Procognitive efficacy of A‐582941. (A) A‐582941 is efficacious across different species and models at similar plasma exposures: (i) lowered trial2:trial1 investigation ratio indicating enhanced efficacy in the rat social recognition model; (ii) increased correct response rate at the long delay interval for monkeys in the DMTS task; and (iii) increased crossover latency in the 24‐h test trial of the mouse inhibitory avoidance test, a measure of memory consolidation. Data are replotted from Buccafusco et al. (2007) (ii) and Bitner et al. (2007) (i and iii) with plasma exposure (extrapolated from dosing in a satellite group of animals) representing the C_max at the corresponding dose. The left‐hand segment of each graph is on the same horizontal scale. (B) Efficacy of A‐582941 in social recognition model following acute and sustained 7‐day exposure.

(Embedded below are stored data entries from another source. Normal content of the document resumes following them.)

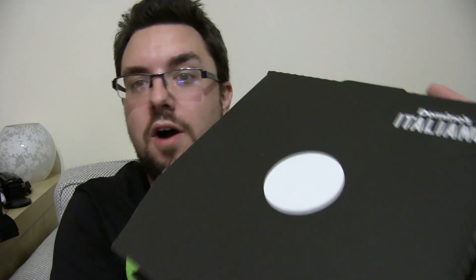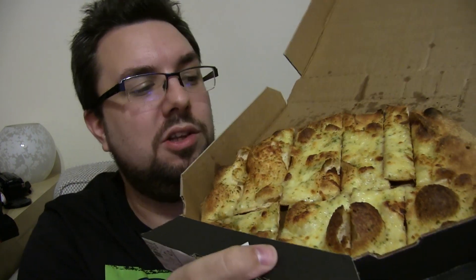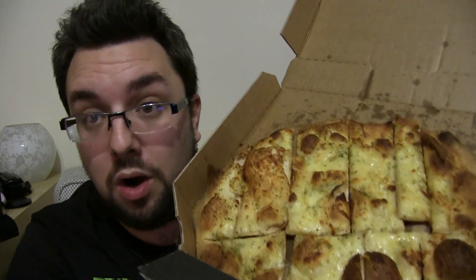Hello everyone and welcome to Food Review UK. My name is MJ and today we are finally back at Domino's after a very long time, because Domino's just don't seem to release anything new these days. But finally they've rolled out their Italiano range nationwide — they were trialing it in a few locations, and finally it's here.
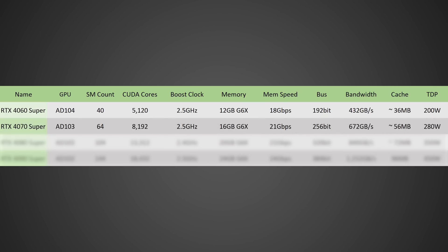Moving on to the RTX 4070 Super — I believe this will be on the AD103 GPU with around 64 SMs for around 8,192 CUDA cores, a boost clock of 2.5 GHz, and 16 GB of GDDR6X running at 21 GB/s on a 256-bit bus for a total memory bandwidth of 672 GB/s. This will once again be a massive improvement over the current RTX 4070, especially with around 56 MB of cache and a TDP of around 280 watts or potentially even lower.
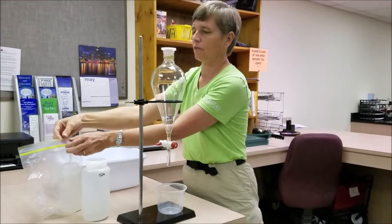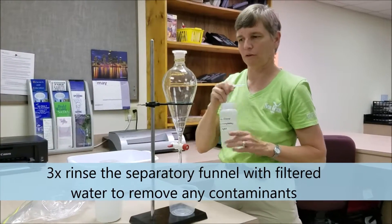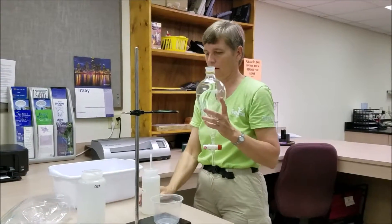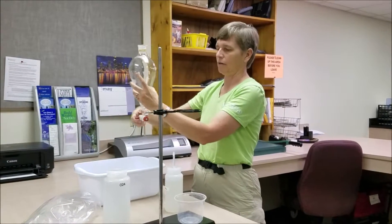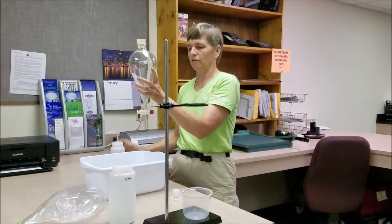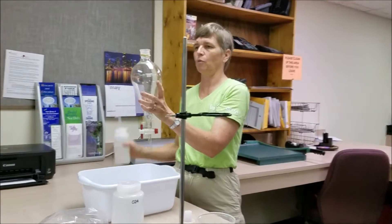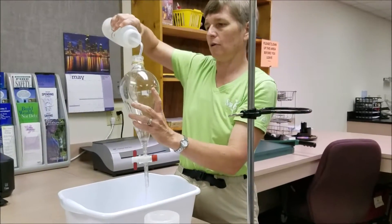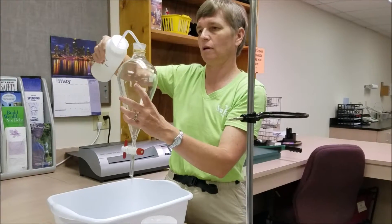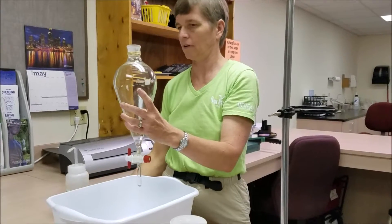As with everything else in this project, we're going to need to triple rinse our separatory funnel with our filtered water. The easiest way to do that is to open the valve at the bottom — when the handle is up and down that means the valve is open and water will drain right through it. We're simply going to spray water through and make sure that we completely coat it at least three times.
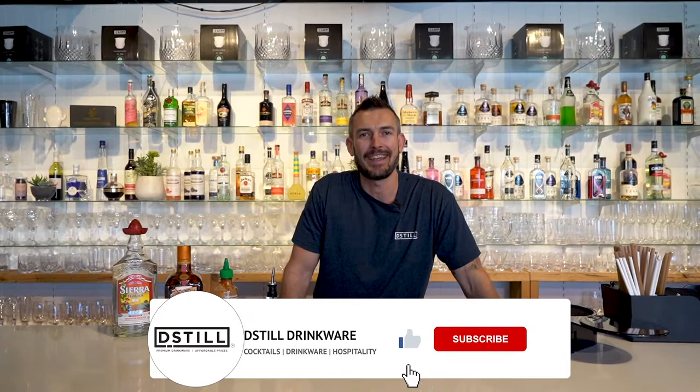G'day guys and welcome back to another episode of the weekly mix-up. If you haven't already, please subscribe to our channel and hit the notification bell so you get updated every week when we release these videos. Today's a pretty exciting one for me because I love a good old margarita, but this one is the chili margarita. So let's get started.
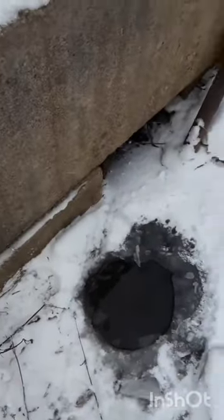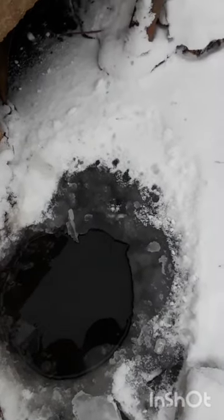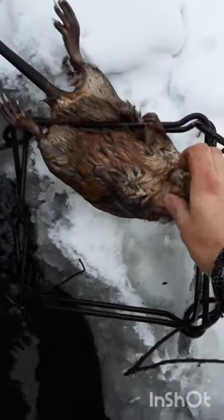I was checking a beaver trap I have here and it's looking like I got a muskrat. I'll get him dug out — he's just coming through this pipe. I'll get him dug out and then we'll take a closer look at him. There he is. Decided to swim through the pipe last night; didn't quite make it.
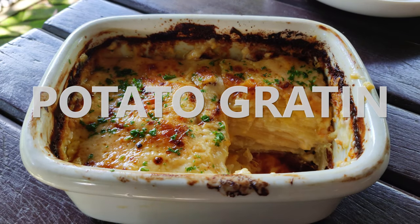Hey guys, this is Andrew and today we're gonna make some potato gratin. This is my go-to starch dish, especially for family gatherings or house parties, because it just goes well with anything — like steak, roast chicken, pastries.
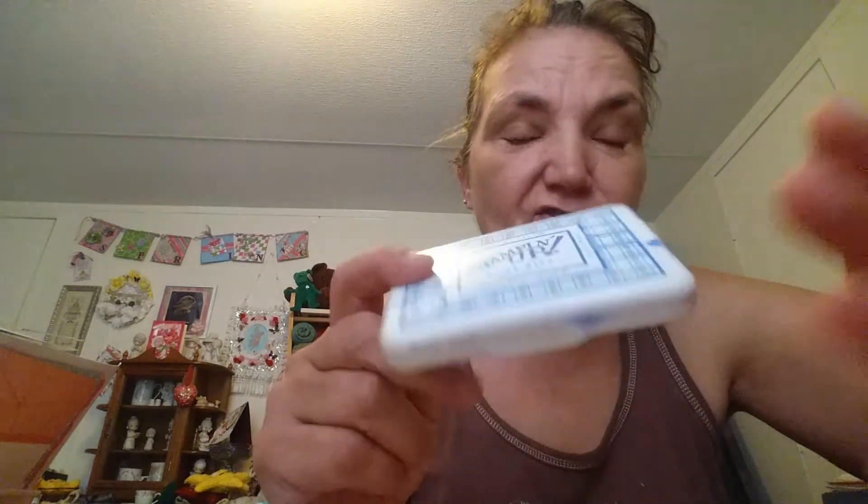99% of them are by Stampin' Up. I did not test all of them, so I asked Deb Hoke — she's a Stampin' Up distributor — and she said she thinks these are from the early 90s or 2000s. I touch the pads and they're all damp. I tried one and it seemed to work fine.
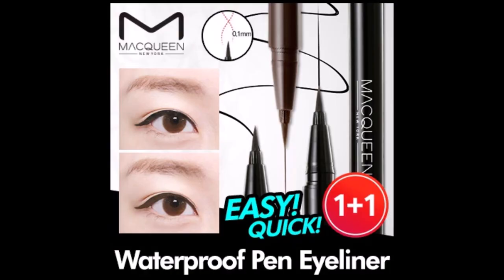Hello friends! This is me, Leneha Chonsu. Welcome back to my channel. Today, we are reviewing MAC Queen waterproof pen eyeliner. It comes in two colors: deep brown and deep black. I bought the deep black shade.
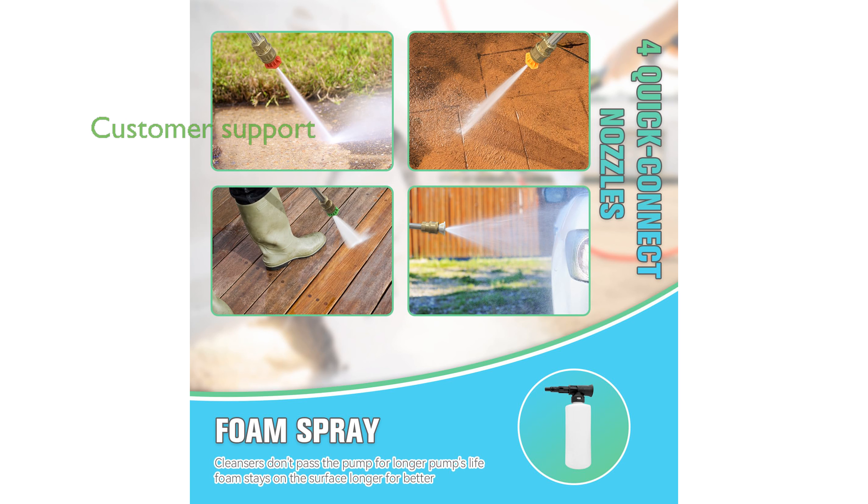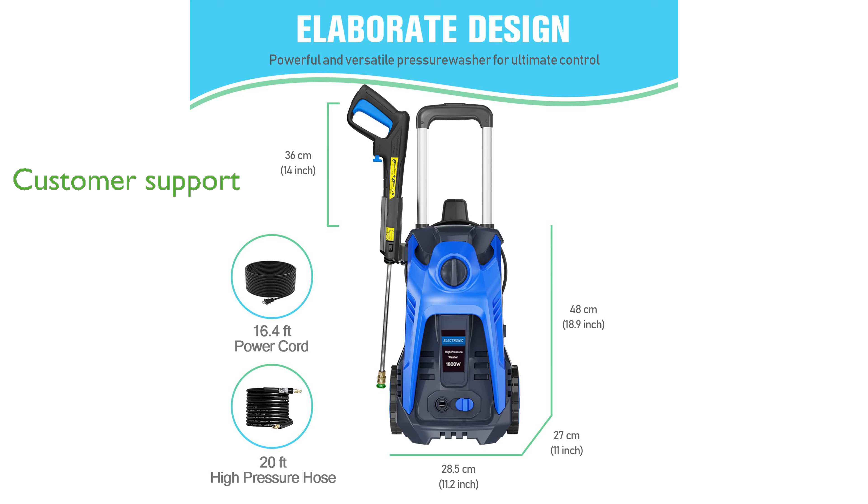The Electric Pressure Washer 4800 PSI is designed with user satisfaction in mind, backed by dedicated customer support ready to assist with any issues. Its sleek blue design and robust build make it not only a highly functional tool, but also an appealing addition to your cleaning equipment.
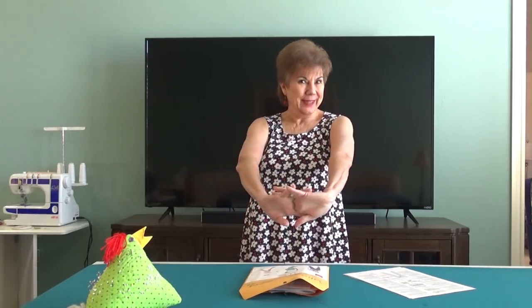Hey everybody, Joy here. We're going to do a little tutorial on the Clara today. Today is Tuesday, February 12, 2019.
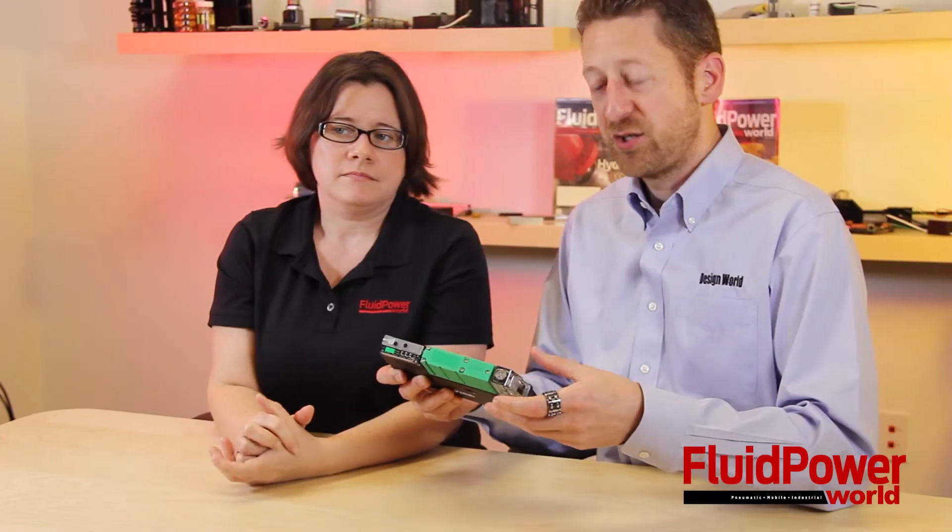And this green section that you see here houses the coax cartridges. As you can see, it also comes standard with an M12 connector.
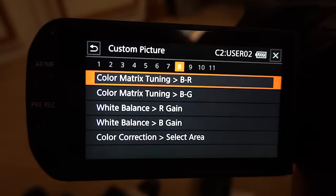Today, I'm going to show you how to go deep into your camcorder settings so you can go from this to this.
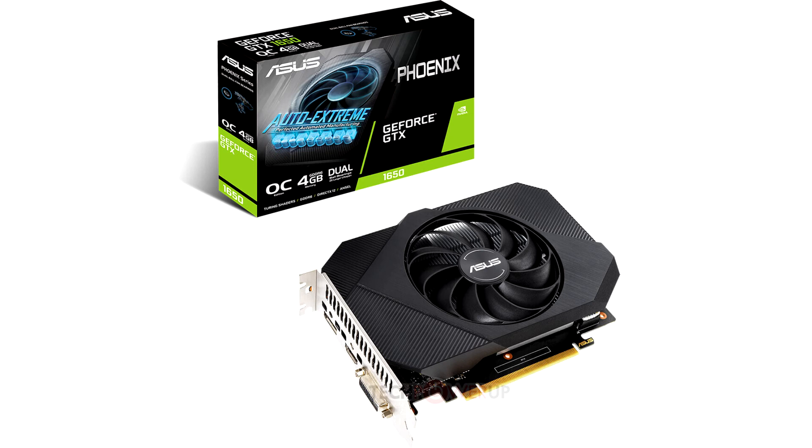The card draws all its power from the PCI Express slot. Display outputs include one each of Dual Link DVI-D, HDMI 2.0b, and DisplayPort 1.4a.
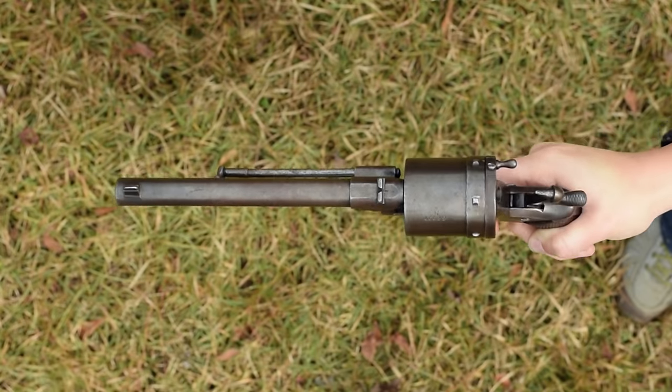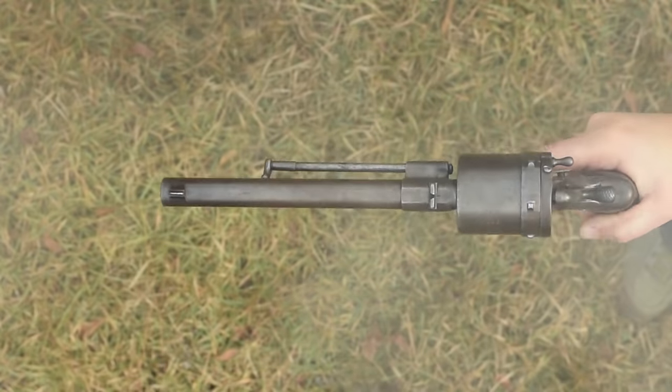The sight radius on this handgun has to be one of the longest from the Great War, and the sights themselves are decent, with a deep V-notch rear and tall front.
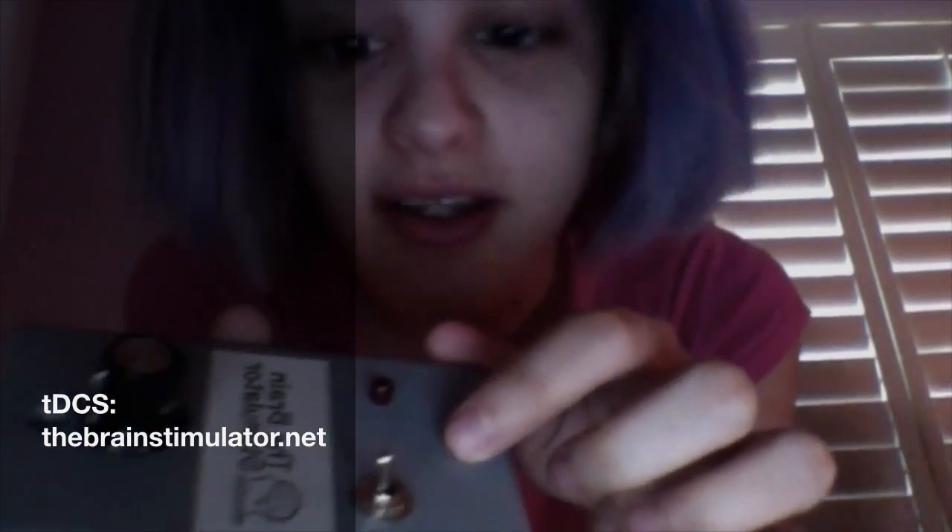Hey, so I just got the brain stimulator. I just unscrewed the little thingies here, and I have to install a battery, and I just went, oh my god, how do I do that? So I'm going to attempt to do that now.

Recognition ratio was measured following acute treatment with A‐582941 (i.p.) or after sustained exposure via s.c. osmotic minipumps for 7 days. The plasma level extrapolated from an i.p. dose of 1 μmol/kg in satellite mice corresponds to 4.7 ng/mL, whereas minipump exposure maintained steady‐state plasma levels at 3 ng/mL. (C) Effect of A‐582941 on the performance of spontaneously‐hypertensive rat pups in the 5‐trial inhibitory avoidance model. A trend toward efficacy is observed in the dose range 0.01–1.0 μmol/kg, s.c., but full efficacy is not achieved. Ciproxifan (cpx, 3 mg/kg) is the positive control in this assay.

Figure 8

Lack of effect of A‐582941 on cell growth and proliferation on keratinocytes in vitro and in vivo. (A) In vitro effect of A‐582941 (100 and 10,000 nM) on proliferation of cultured keratinocytes in basic medium: (i) without growth factors and (ii) in complete medium containing growth factors. Cells were exposed to A‐582941 for 9 days, with medium refreshed every 3–4 days. (B) Histologic sections of skin from SENCAR mice sacrificed after treatment with BrdU reagent (Zymed^® Laboratories, San Francisco, CA, USA; 1 mL/100 g body weight, i.p., 2 h before sacrifice): (i) vehicle‐treated mice; (ii) mice treated with TPA (12‐O‐tetradecanoylphorbol‐13‐acetate, 1.7 nmol) as positive control. Note the thickening of the epidermis (epidermal hyperplasia) and the increase in the number of BrdU‐labeled basal keratinocytes; (iii) A‐582941‐treated mice (1000 nmol) showing no evidence of epidermal changes and few BrdU‐labeled basal keratinocytes. BrdU immunohistochemistry with hematoxylin counterstain (magnification 200×).